Top Saigon Restaurant

Top Saigon Restaurant has barely been open a month, but it already has one thing going for it -- impeccable location. Tucked inside a bustling plaza at the corner of Finch and Leslie, Top Saigon is one of only two pho establishments within nearly a 7 kilometre radius.

Obviously, somebody believes there's a niche here that nobody has gotten right. A previous restaurant (Ricepaper) serving almost the exact same fare shuttered in this same plaza not more than six months prior. Top Saigon clearly does not plan to befall the same fate.

Walking into Top Saigon, I immediately notice the pseudo-contemporary look so ubiquitous amongst low-mid end Asian restaurants these days. Budget decorating strains aspirationally for modern design; hard edges and surfaces abound under the exposed ceiling.

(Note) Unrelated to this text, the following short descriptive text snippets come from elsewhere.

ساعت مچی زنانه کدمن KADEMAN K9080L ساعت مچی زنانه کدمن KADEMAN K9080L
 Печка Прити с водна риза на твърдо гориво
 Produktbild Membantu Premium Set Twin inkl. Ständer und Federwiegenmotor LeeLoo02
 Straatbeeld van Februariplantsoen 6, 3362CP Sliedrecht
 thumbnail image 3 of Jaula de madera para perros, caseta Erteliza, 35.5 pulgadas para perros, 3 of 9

Top Saigon Restaurant Ravel

The final result is an inoffensive interior that although clean and practical, sacrifices warmth for atmosphere. Also, the chandeliers are nice enough, but (to me at least) scream the owners are more likely from Hong Kong than Ho Chi Minh City.

The menu at Top Saigon is eclectic, consisting of Thai, Malaysian, Chinese and Vietnamese cuisine. The multicultural tome sets off my alarms that this meal will either be amazing or terrible with little room for a result in-between.

Despite the myriad interesting options, with Saigon in your restaurant name you better serve solid pho. We elect to stick with the basics when ordering.

Top Saigon Restaurant

Fried spring rolls ($4.99) arrive crispy and piping hot, stuffed with chicken, shredded pork, carrots and a hint of shrimp. The texture is faultless and each bite is satisfyingly crunchy, but the internals are bland and flavourless, tasting almost solely of the fish sauce accoutrement.

Top Saigon Restaurant

Beef brisket in tomato soup ($6.99) is a somewhat rare treat and doesn't skimp on the meat. The small sized bowl of red broth has the viscosity of motor oil but tastes pleasantly of ketchup and sesame oil. The brisket, although generously portioned, is a bit too lean and slightly overcooked.

Finally, a medium pho with rare beef and tendon ($7.99) arrives in a bowl that seems indistinguishable in volumetric size from my companion's small sized portion.

The tendon is basically non-existent and the beef seems to have been rolled into a ball before being frozen, then thrown into my soup to thaw. The meat tastes enough like beef and is adequately uncooked when it first arrives, but the texture is, for lack of a better word, mysterious. It's akin to thinly sliced hot pot beef pounded repeatedly with a tenderizer; not exactly a prime cut of meat.

Redemption comes in the pho broth itself. Clean, clear and filling our senses strongly with aromatic star anise, the soup is light and flavourful without beating us over the head with sodium.

Top Saigon Restaurant

Service is forgetful and the food was more hit than miss. Still, it's tough to judge a restaurant when it's this new, particularly when sampling but a slice of its diverse menu.

Hoping to give it another shot, this past weekend I walked by again and Top Saigon was full to capacity during its official grand opening celebration. I couldn't get a table.

Food schmood, you know what they say -- location, location, location.